Reported Benefits of Low-Dose Naltrexone Appear to Be Independent of the Endogenous Opioid System Involving Proopiomelanocortin Neurons and Beta-Endorphin

Naltrexone is an opioid receptor antagonist approved for the treatment of alcohol and opioid use disorders at doses of 50-150 mg per day. Naltrexone has also been prescribed at much lower doses (3-6 mg per day) for the off-label treatment of inflammation and pain. Currently, a compelling mechanistic explanation for the reported efficacy of low dose naltrexone (LDN) is lacking and none of the proposed mechanisms can explain patient reports of improved mood and sense of well-being.
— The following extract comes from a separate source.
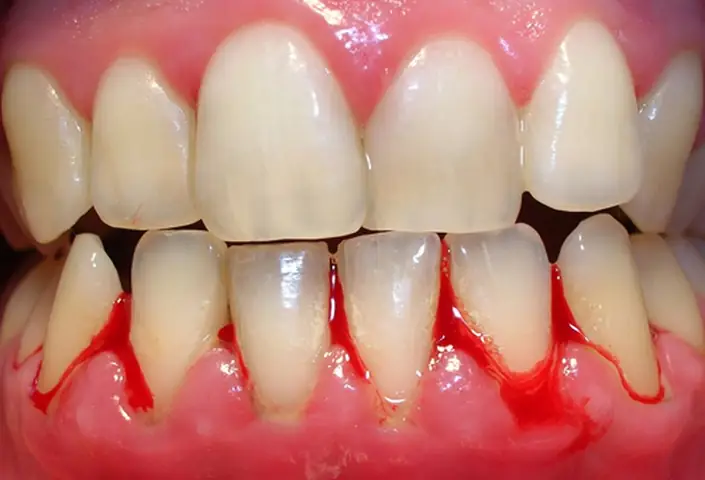 Mơ Thấy Chảy Máu Răng Đánh Con Gì? Giải Mã Điềm Báo Và Con Số May Mắn Chi Tiết Mơ Thấy Chảy Máu Răng Đánh Con Gì? Giải Mã Điềm Báo Và Con Số May Mắn Chi Tiết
Here, we examined the possibility that LDN might alter the activity of the endogenous opioid system involving proopiomelanocortin (POMC) neurons in the arcuate nucleus of the hypothalamus in male and female mice. Known actions of POMC neurons could account for changes in pain perception and mood. However, using electrophysiologic, imaging and peptide measurement approaches, we found no evidence for such a mechanism. LDN did not change the sensitivity of opioid receptors regulating POMC neurons, the production of the beta-endorphin precursor Pomc mRNA, nor the release of beta-endorphin into plasma. Spontaneous post-synaptic currents onto POMC neurons were slightly decreased after LDN treatment and GCaMP fluorescent signal, a proxy for intracellular calcium levels, was slightly increased. However, LDN treatment did not appear to change POMC neuron firing rate, resting membrane potential, nor action potential threshold. Therefore, LDN appears to have only slight effects on POMC neurons that do not translate to changes in intrinsic excitability or baseline electrical activity and mechanisms beyond POMC neurons and altered opioid receptor sensitivity should continue to be explored. Significance Statement Naltrexone blocks opioid receptor activity and is used for the treatment of alcohol and opioid use disorders but is also prescribed at lower doses to treat inflammation and pain. A compelling mechanistic explanation for the reported efficacy of low dose naltrexone (LDN) is lacking, and understanding the central effects of LDN is important, both for basic science and to inform future applications of LDN for central disorders. We hypothesized that LDN might alter the activity of endogenous opioid systems in proopiomelanocortin (POMC) neurons of the hypothalamus. However, we found no evidence for such a mechanism and LDN appears to only slightly affect POMC neurons. We conclude that future studies should shift focus to other opioid systems outside of POMC neurons.